## Data shown
------

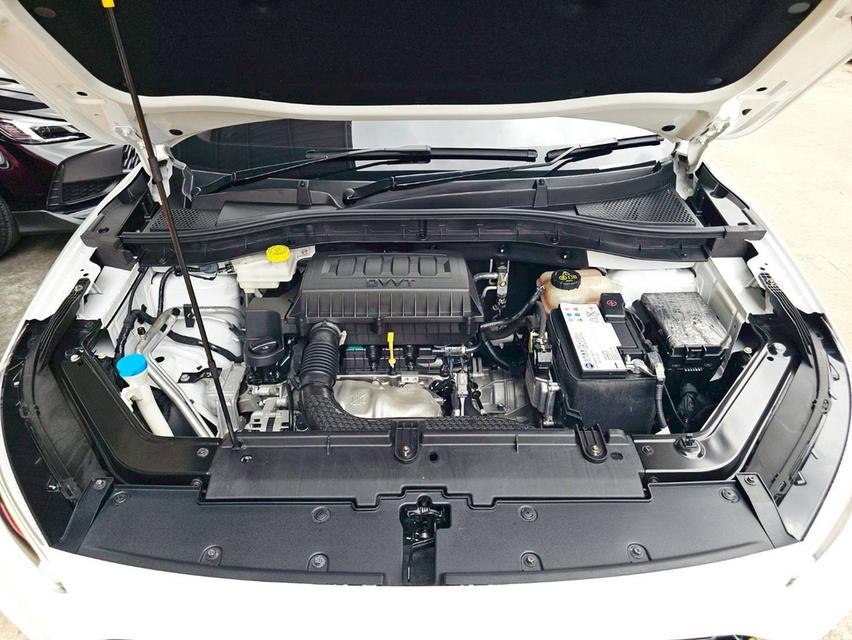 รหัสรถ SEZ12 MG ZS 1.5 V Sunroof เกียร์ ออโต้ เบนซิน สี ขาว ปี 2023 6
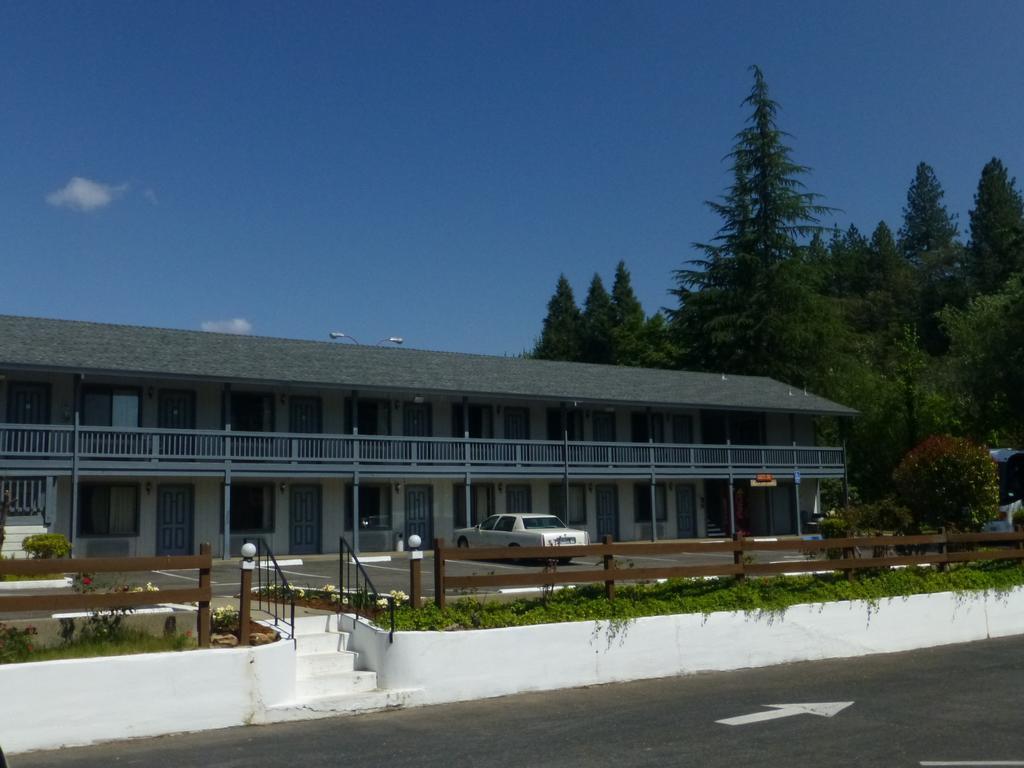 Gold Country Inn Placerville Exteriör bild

------

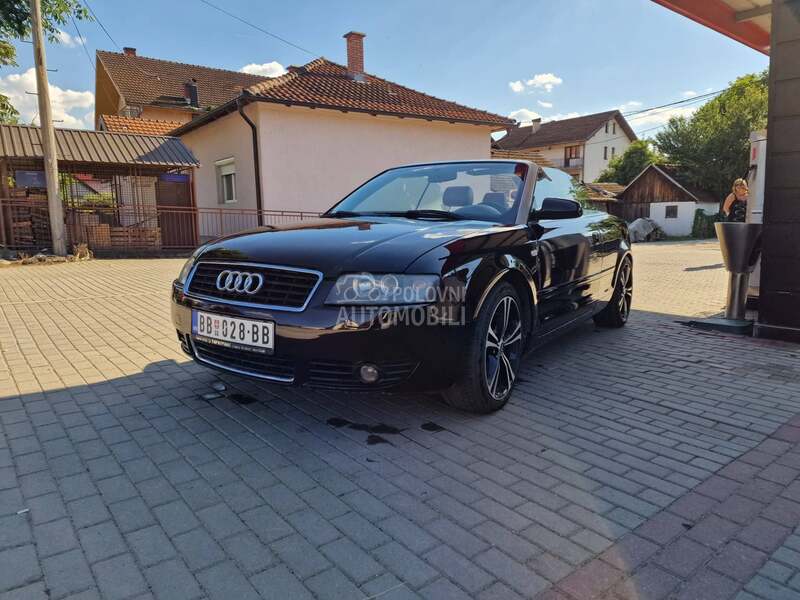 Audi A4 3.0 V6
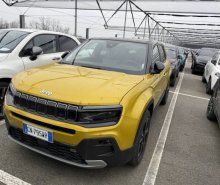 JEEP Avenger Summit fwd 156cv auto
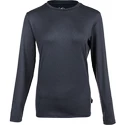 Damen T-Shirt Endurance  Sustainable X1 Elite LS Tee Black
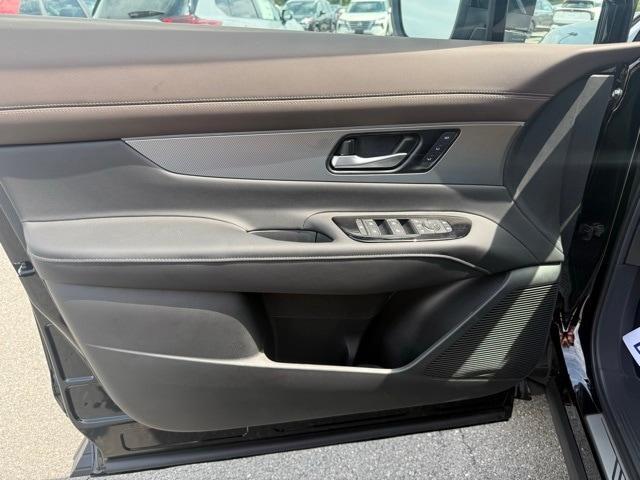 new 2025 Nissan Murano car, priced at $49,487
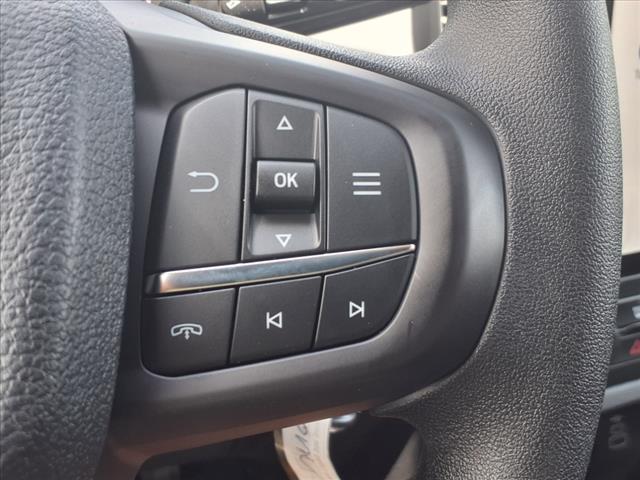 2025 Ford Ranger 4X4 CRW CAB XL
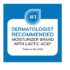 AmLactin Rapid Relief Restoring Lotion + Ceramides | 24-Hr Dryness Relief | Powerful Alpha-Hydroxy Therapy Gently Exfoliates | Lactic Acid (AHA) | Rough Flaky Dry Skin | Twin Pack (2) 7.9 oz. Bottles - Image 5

------

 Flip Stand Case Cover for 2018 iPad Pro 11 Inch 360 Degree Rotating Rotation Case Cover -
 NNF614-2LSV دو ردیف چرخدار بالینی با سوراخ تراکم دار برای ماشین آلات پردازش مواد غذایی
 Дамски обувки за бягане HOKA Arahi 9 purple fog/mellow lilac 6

------

## Instructions to follow
The output should be exactly the lines above from the line containing "Flip Stand Case" to the line containing "Дамски обувки за", inclusive, with no other lines.

## Exercise solution
 Flip Stand Case Cover for 2018 iPad Pro 11 Inch 360 Degree Rotating Rotation Case Cover -
 NNF614-2LSV دو ردیف چرخدار بالینی با سوراخ تراکم دار برای ماشین آلات پردازش مواد غذایی
 Дамски обувки за бягане HOKA Arahi 9 purple fog/mellow lilac 6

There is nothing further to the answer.